The Yaxell Ketu slicer features an 18 cm blade made from trilaminate (San‑Mai) stainless steel, with a core of sintered SG2 powder‑metallurgy steel. The Rockwell hardness is 63 HRC, and the blade has a hammered Tsuchime finish, reducing friction and preventing food from sticking during slicing.
The handle is crafted from Pakka wood, adorned with the Yaxell kanji logo and a decorative samurai crest. This knife is engineered to deliver exceptional long‑lasting sharpness and precise cutting performance.
✅ Proper Maintenance
Hand-wash the knife with warm water, then dry it with a soft cloth to preserve sharpness and material quality.
For long-lasting precision, use whetstones, while ceramic honing rods are excellent for fine edge adjustments during use.
Always store the knife properly to avoid contact with other utensils and potential damage.
It is recommended to use cutting boards made of wood, plastic, or rubber, as they are gentler on the blade and prolong its lifespan.
⚠️ Special Note for Traditional Japanese Steels
Japanese knives with high carbon content require special care to prevent oxidation and rust.
After each use, thoroughly wash with warm water and immediately dry with a soft cloth.
It is advisable to occasionally apply a thin layer of mineral or camellia oil on the blade for additional protection against corrosion.

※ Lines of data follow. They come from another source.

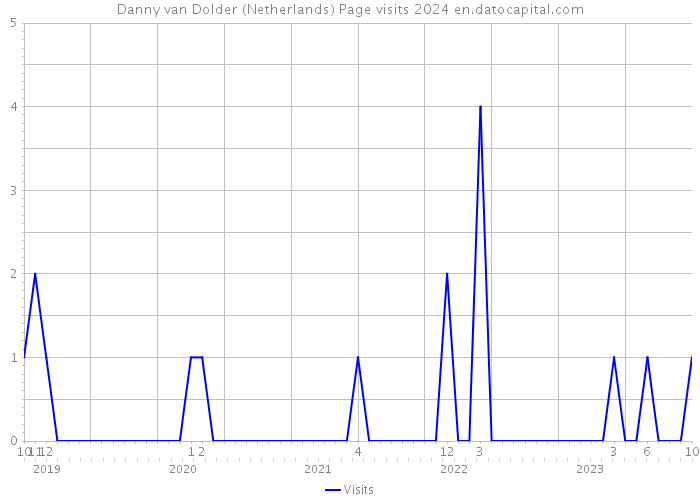 Danny van Dolder (Netherlands) Page visits 2024 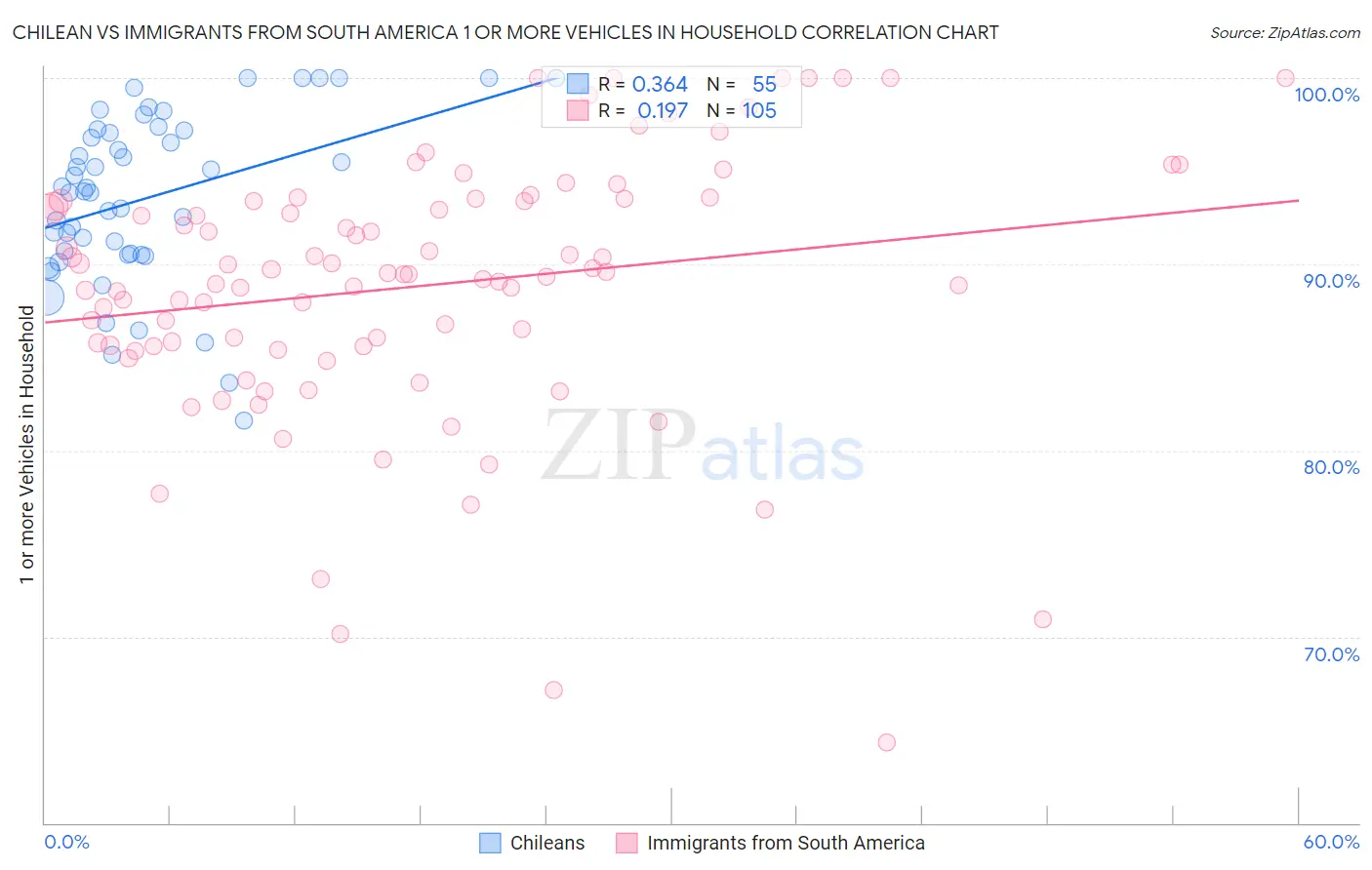 Chilean vs Immigrants from South America 1 or more Vehicles in Household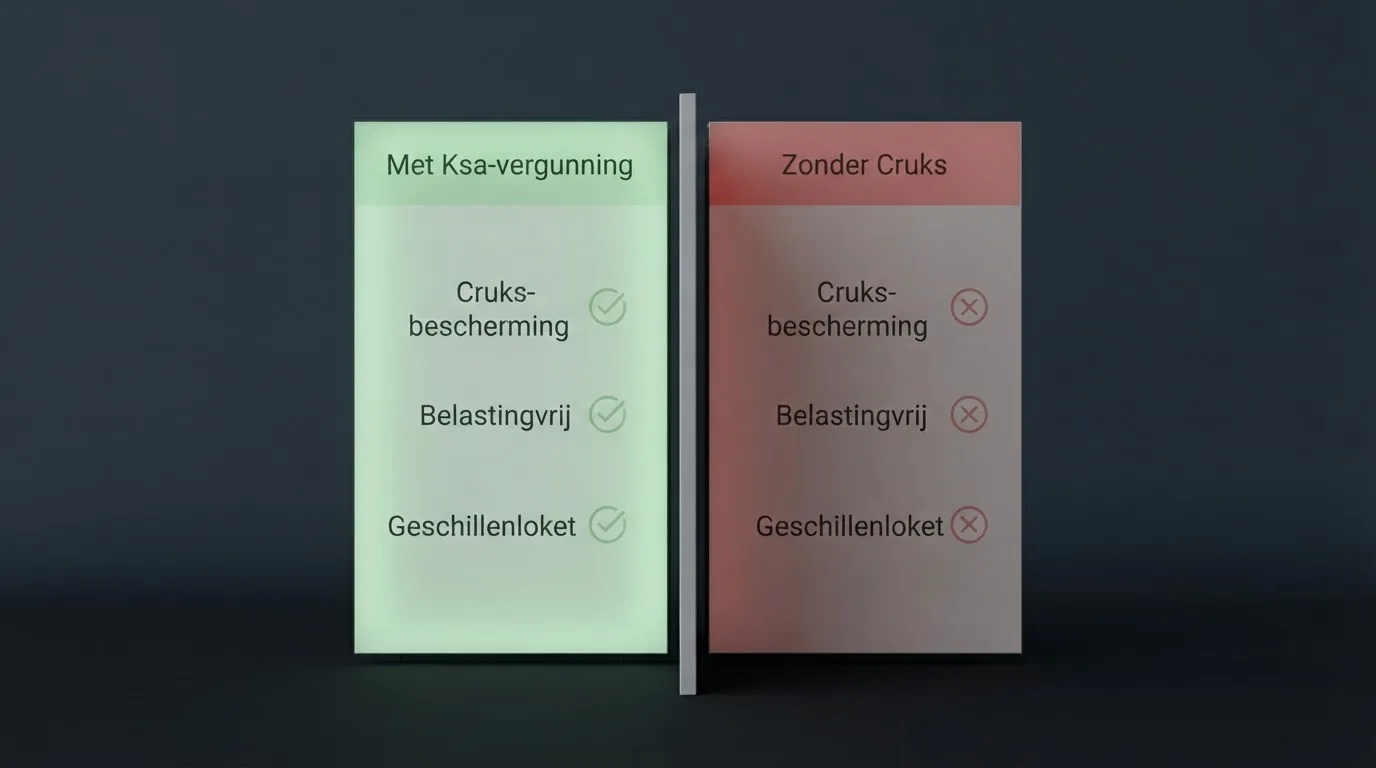 Een visuele vergelijkingstabel met twee kolommen: links 'Met Ksa-vergunning' met vinkjes bij Cruks-bescherming, belastingvrij en geschillenloket, rechts 'Zonder Cruks' met kruisjes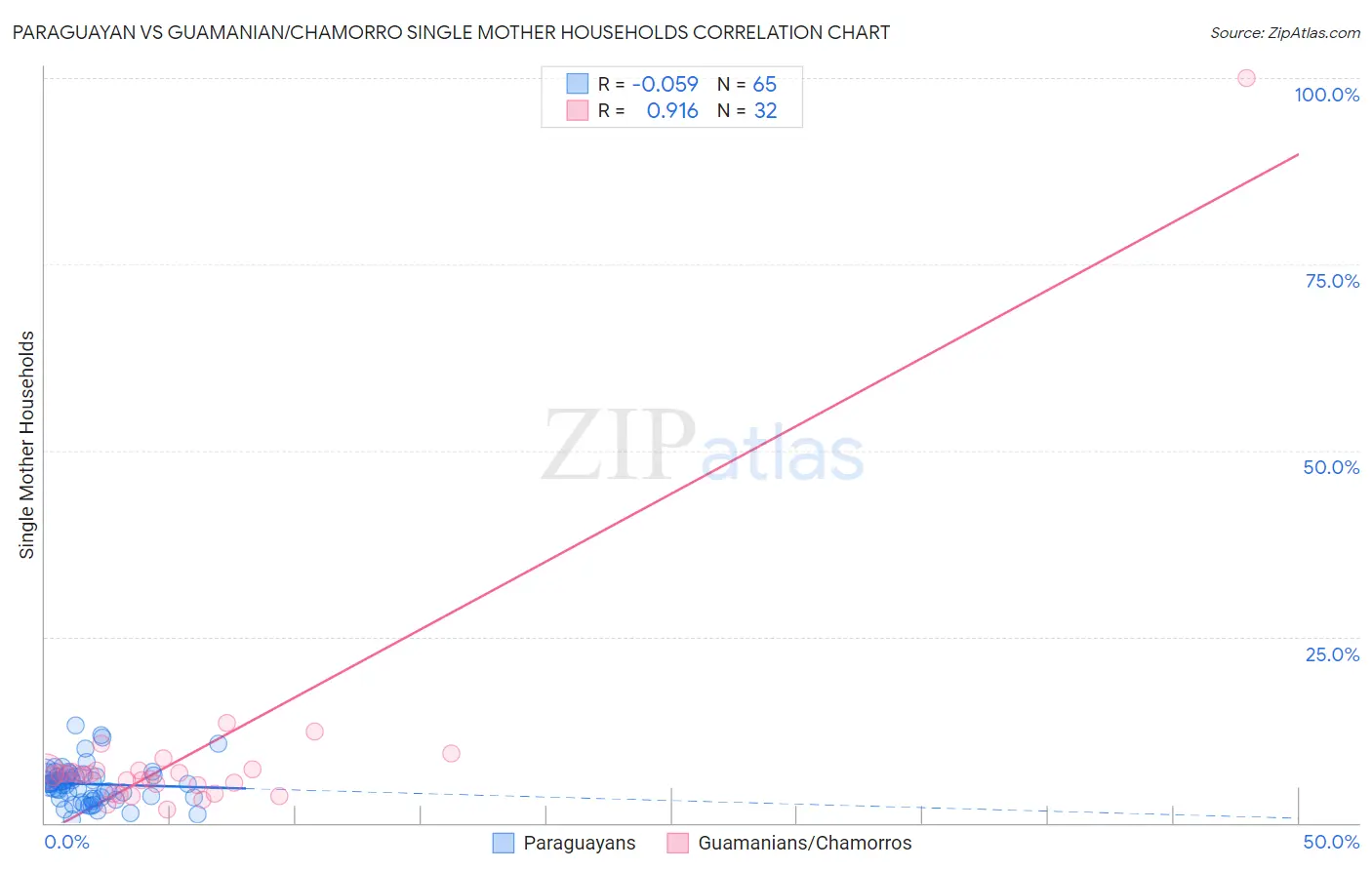 Paraguayan vs Guamanian/Chamorro Single Mother Households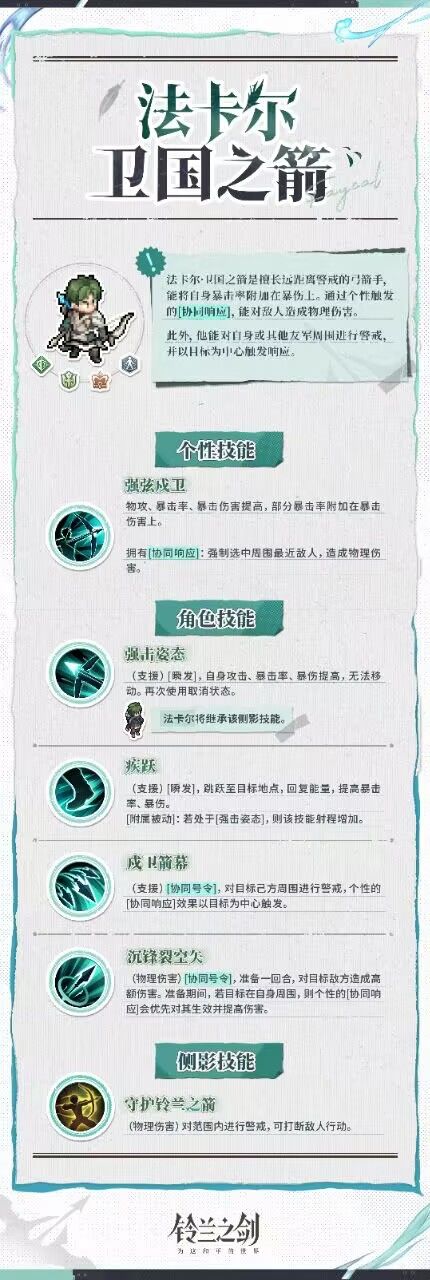 求重做法卡尔截图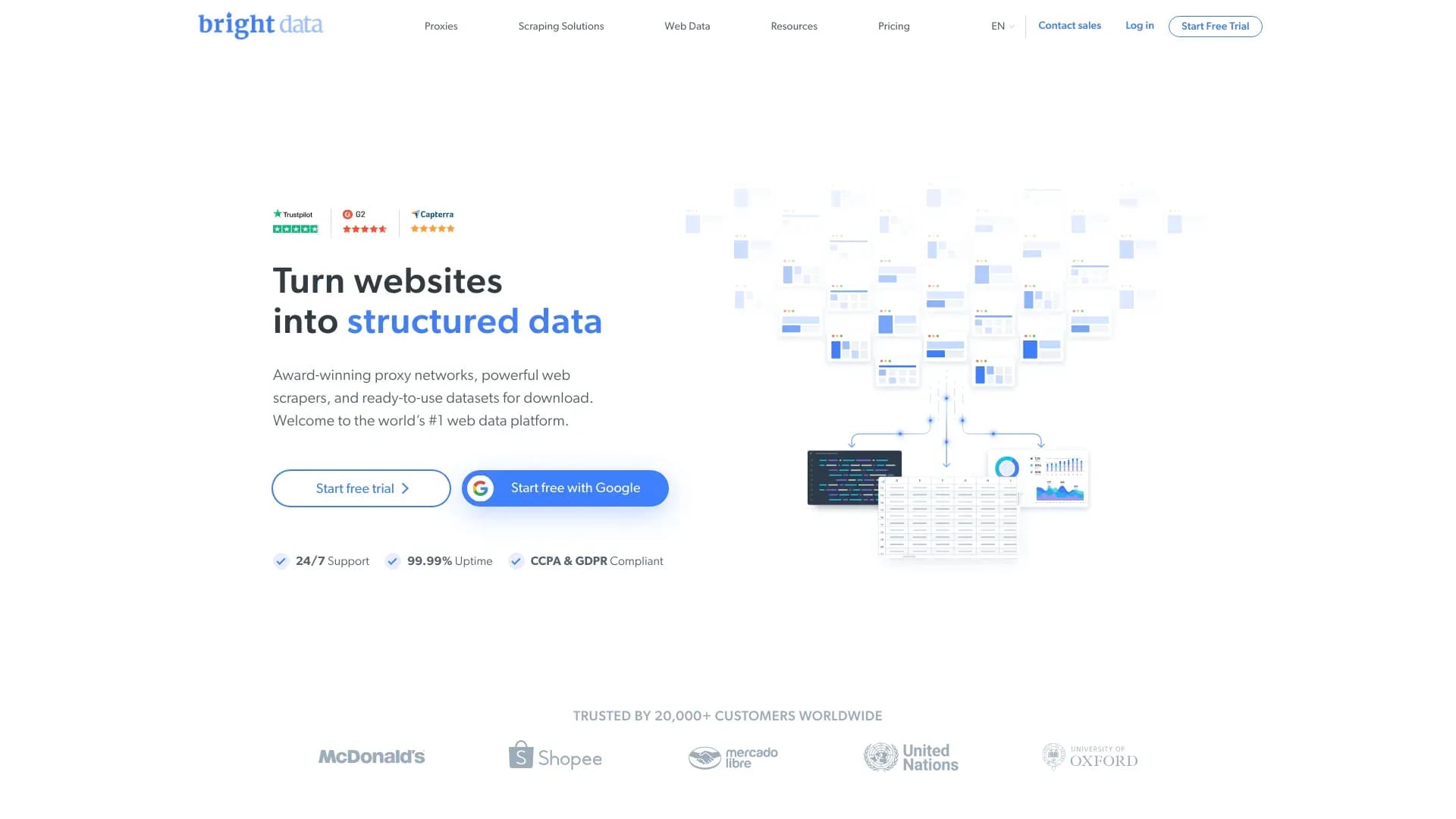 BrightData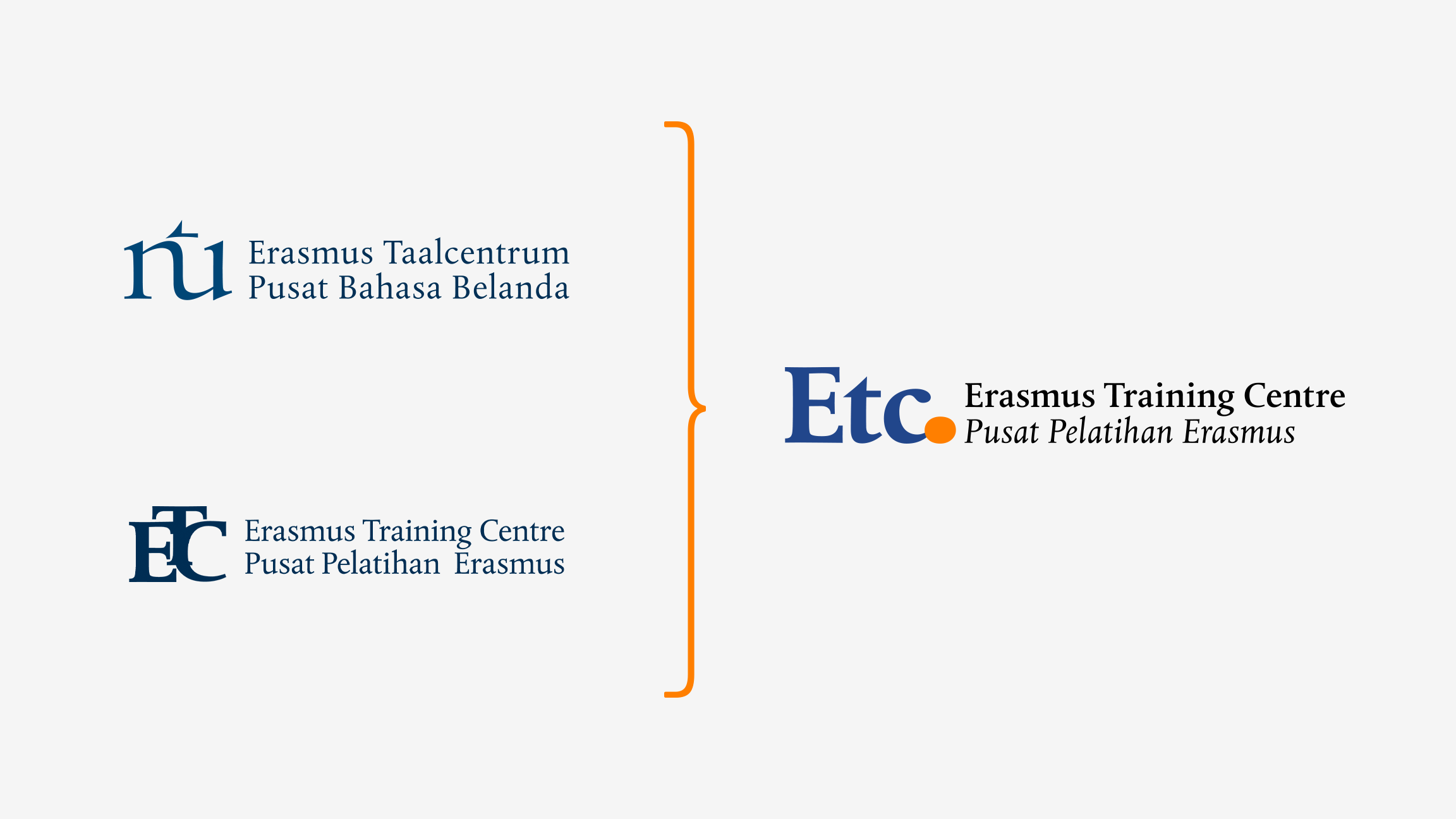Logo evolutie Erasmus Training Centre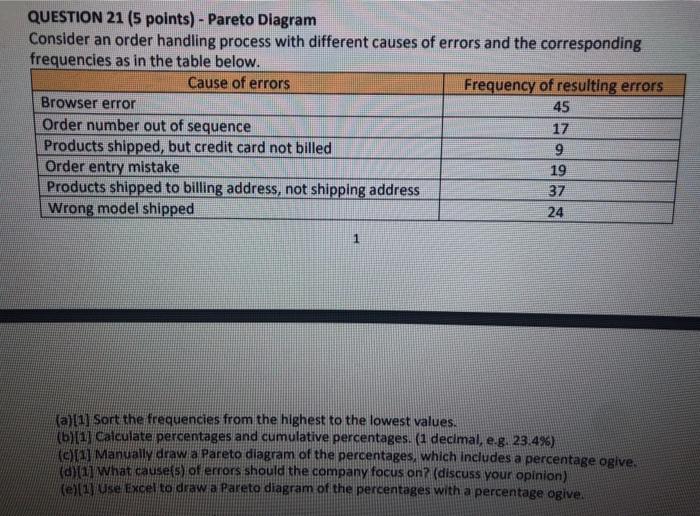 Plz show work I will like the post QUESTION 21 (5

Store knives in a dry place, avoiding prolonged exposure to moisture or aggressive cleaning agents.
? What to Avoid
Do not use the knife on hard surfaces such as glass, ceramics, steel, metal tables, or baking trays.
Do not cut bones or frozen foods, as this can damage the knife edge.
Do not wash the knife in a dishwasher—chemicals and high temperatures can compromise the integrity of both blade and handle.
A Japanese knife is a precision tool designed for specific culinary tasks. Do not use it for improper activities such as cutting bones, opening cans, or processing hard materials.